At over three hundred pages, there is an enormous amount going on in this issue worth looking at, including an absolutely fascinating interview Michelle N. Huang conducted with Mei-mei Berssenbrugge and Teddy Yoshikami around a writing/dance collaboration the two of them did .As Huang offers as part of her introduction: “I first encountered Mei-mei Berssenbrugge’s work in graduate school, where her poem ‘Fog’ became something of a touchstone for me as I worked through my dissertation on molecular aesthetics and posthumanism in Asian American literature. When I learned the poem was part of a triptych on the transitional states of water—the poem ‘Fog’ preceded by ‘Mizu’ (water) and ‘Alakanak Break-Up’ (ice)—and that all three poems had been created as poetry/dance performances during the early 1980s in collaboration with the Basement Workshop, the foundational Asian American Movement organization in New York, I wanted desperately to see them. My search led me from the Raymond Danowski Poetry Library at Emory (where one of the 80 copies of the artist’s book containing ‘Mizu’ can be found), to uncatalogued boxes at Beinecke, and eventually to the choreographer, Theodora (Teddy) Yoshikami, of Morita Dance Company, who still lives in New York. She had given the VHS tapes to the Asian/Pacific/American Institute at New York University, where they waited in a box, for me (I felt) to find.” This is really is an interesting interview, especially on a project forty-years distant that hasn’t (it would appear) received the acknowledgement, critical or otherwise, that it deserves (should interviewer/critic Huang be considering putting a volume of this text plus a critical introduction together, say, the way Wave Books produced Lorine Niedecker’s Lake Superior?).
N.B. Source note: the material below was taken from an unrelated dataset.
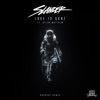 Love Is Gone (Kaskade Remix) - Single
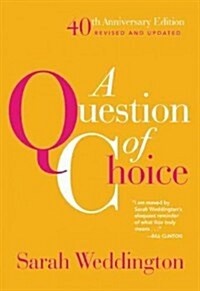 A Question of Choice (Paperback, 40, Anniversary Rev)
I would even say that this interview is worth the price of admission alone (I would also say that for the Kevin Killian section, so I’m basically telling you that you would be wise to pick up a copy of this issue). The interview, also, is immediately followed by a stunning four-part poem “YOU ARE HERE” by Berssenbrugge, the first part of such reads:

We’ve powerful analytic tools to simplify an experience, so we can absorb it emotionally.

There’s joy in transmuting a supernova into science and wonder, at the same time.

World’s a net of relations in which appearance is one; to correlate the visible with the personal makes it real.

Seeing, a kind of consciousness, materializes its form.

Then everything constellates out to the farthest star.

The issue also includes numerous other features, from poetry to scripts to a whole slate of book reviews at the end.